The second-highest new entry, and in third place overall, is related to the growing dangers created by cyber-crime. We are concerned that rapidly growing cyber-dependence and connectivity will lead to increasingly frequent and more damaging cyber-attacks, with ramifications for doing business. We assign a 70% likelihood to this outcome, with a global impact of 2, giving a GBI score of 28.

In fourth place overall is the second pan-regional risk. The potential collapse of a deal between the EU and Turkey would lead to a fresh influx of migrants into Western Europe, threatening both social stability in Europe and local supply chains. We have increased the likelihood of this happening from 40% to 45%, with a consequent increase in the GBI from 24 to 27.

Another new entry is in sixth place with a GBI score of 22. This relates to a strong La Nina weather phenomenon in H2 bringing heavy rains and prompting severe storms and flooding that negatively affect the agricultural sector and infrastructure around the littoral countries of the Pacific Ocean.

The final new entry, which emanates from Latin America, is in equal seventh place with a GBI of 20. We are concerned that widespread public discontent across the region in response to the collapsing regional economy will lead to a sharp rise in violent anti-government protests that disrupt the rule of law and further impair the already weak business environment.

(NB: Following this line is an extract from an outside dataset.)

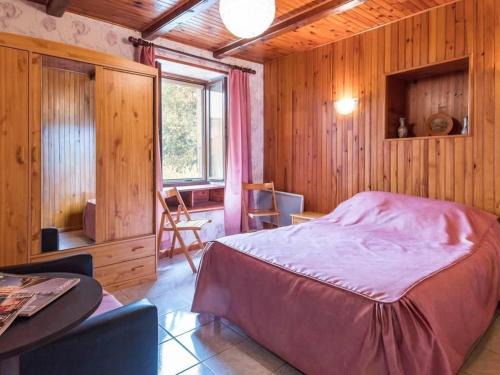 Melin Bed & Breakfast | Chambre Rose cosy avec kitchenette et terrasse - FR-1-583-295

Also in equal seventh place, with a GBI of 20 (down from first place and a GBI of 30 in the previous report), is the potential collapse of the TTIP negotiations between the US and the EU after the US presidential election in November; neither candidate appears to support the agreement. This would seriously undermine growth prospects for cross-border trade and investment. Indeed, it could have knock-on effects on other cross-border trade and investment deals.

Finally, with a GBI score of 20 (the same as the previous report) is our concern that the perceived rise in global uncertainty and continued weak growth will see the US dollar strengthening again. This will add further volatility to global markets and also raise risk associated with emerging economies.

Business Environment Remains Challenging

The Dun & Bradstreet Global Business Impact score for Q3 2016 highlights that risks facing businesses have increased somewhat in the quarter, and also that although they are still elevated, they are below their historic highs of 2014. The business environment remains challenging and business decision-makers need to be aware of the rapidly changing risk environment.